WHAT YOU NEED TO DO. This task calls for the lines below starting at the one containing "Solitary Figure In" and ending at the one containing "Cushion Cover Cotton", repeated exactly with both ends kept and pictures left out.

SOURCE RECORDS.

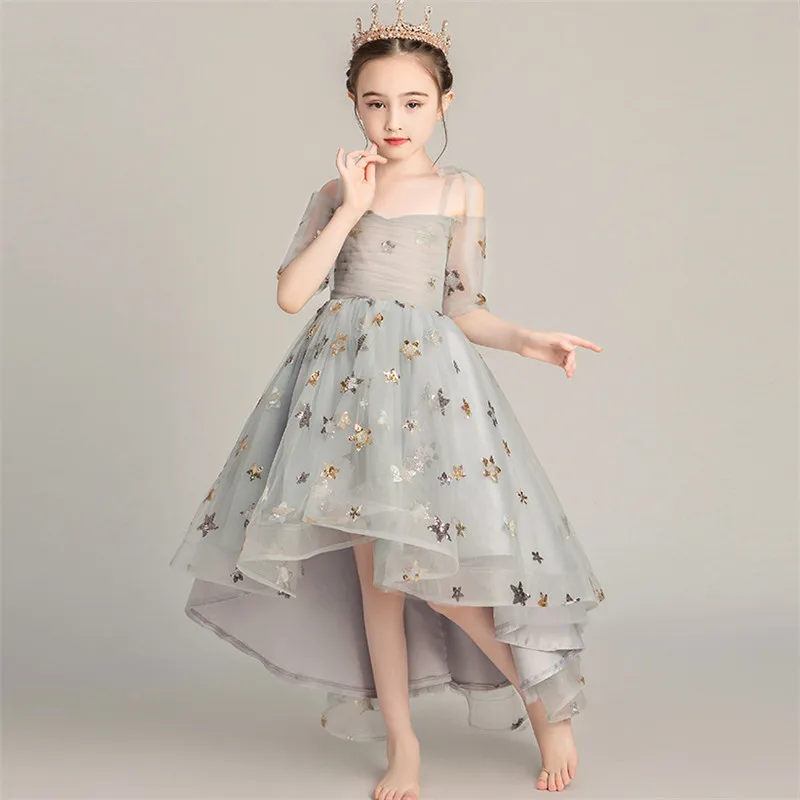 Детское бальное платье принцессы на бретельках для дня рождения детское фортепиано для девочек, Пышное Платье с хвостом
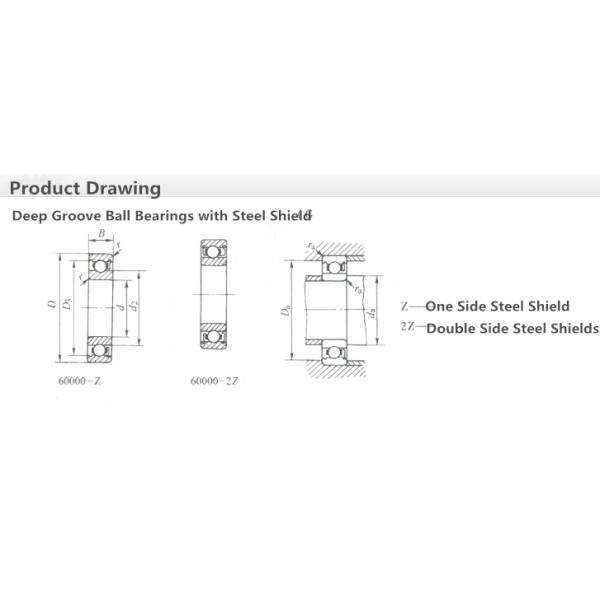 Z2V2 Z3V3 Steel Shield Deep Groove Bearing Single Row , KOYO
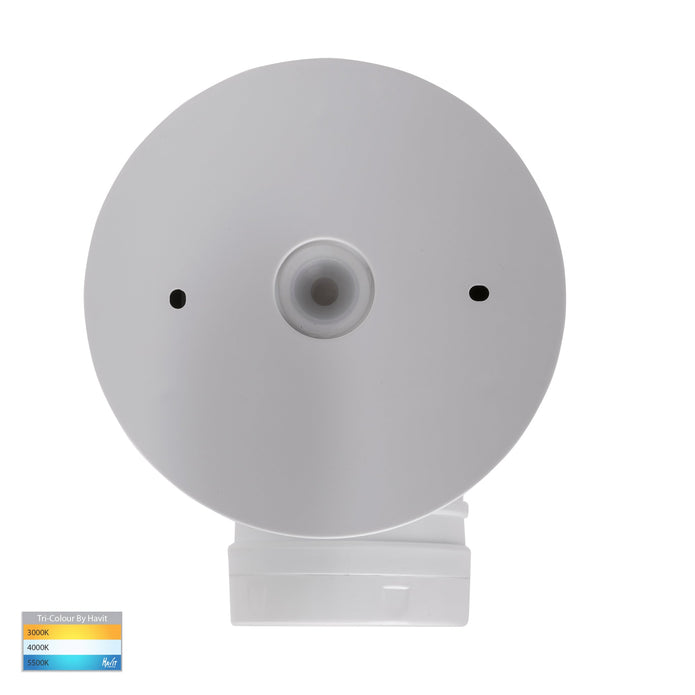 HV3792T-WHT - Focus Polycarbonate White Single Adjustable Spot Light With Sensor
* * *
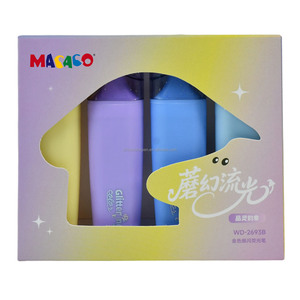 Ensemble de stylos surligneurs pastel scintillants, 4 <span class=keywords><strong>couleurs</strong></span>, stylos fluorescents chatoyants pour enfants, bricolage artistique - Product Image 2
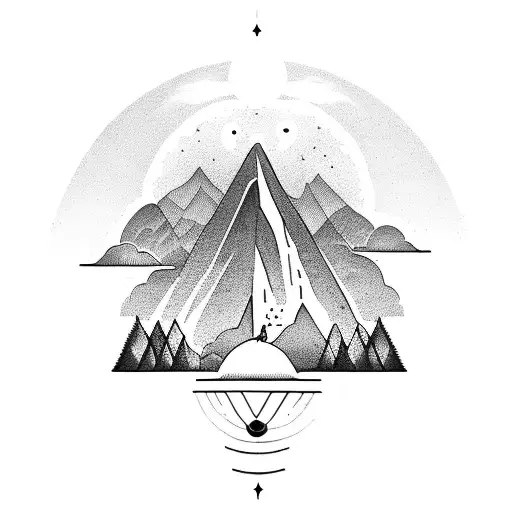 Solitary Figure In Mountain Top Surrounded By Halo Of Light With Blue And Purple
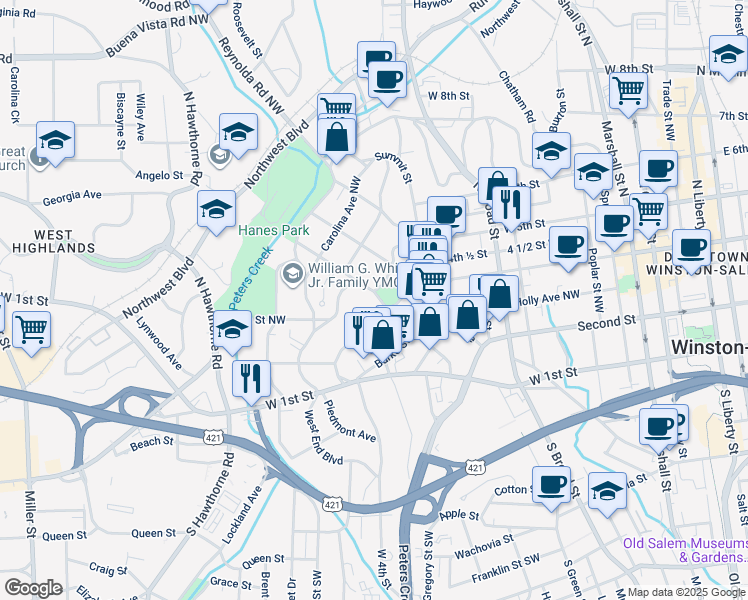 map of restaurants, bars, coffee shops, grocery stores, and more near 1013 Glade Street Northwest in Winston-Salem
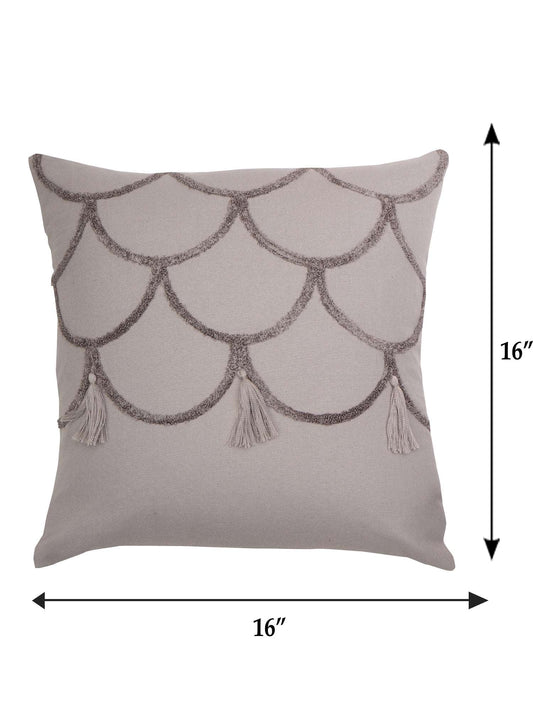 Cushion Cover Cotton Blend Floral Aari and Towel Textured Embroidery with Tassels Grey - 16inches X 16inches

ANSWER TO THE PROBLEM.
 Solitary Figure In Mountain Top Surrounded By Halo Of Light With Blue And Purple
 map of restaurants, bars, coffee shops, grocery stores, and more near 1013 Glade Street Northwest in Winston-Salem
 Cushion Cover Cotton Blend Floral Aari and Towel Textured Embroidery with Tassels Grey - 16inches X 16inches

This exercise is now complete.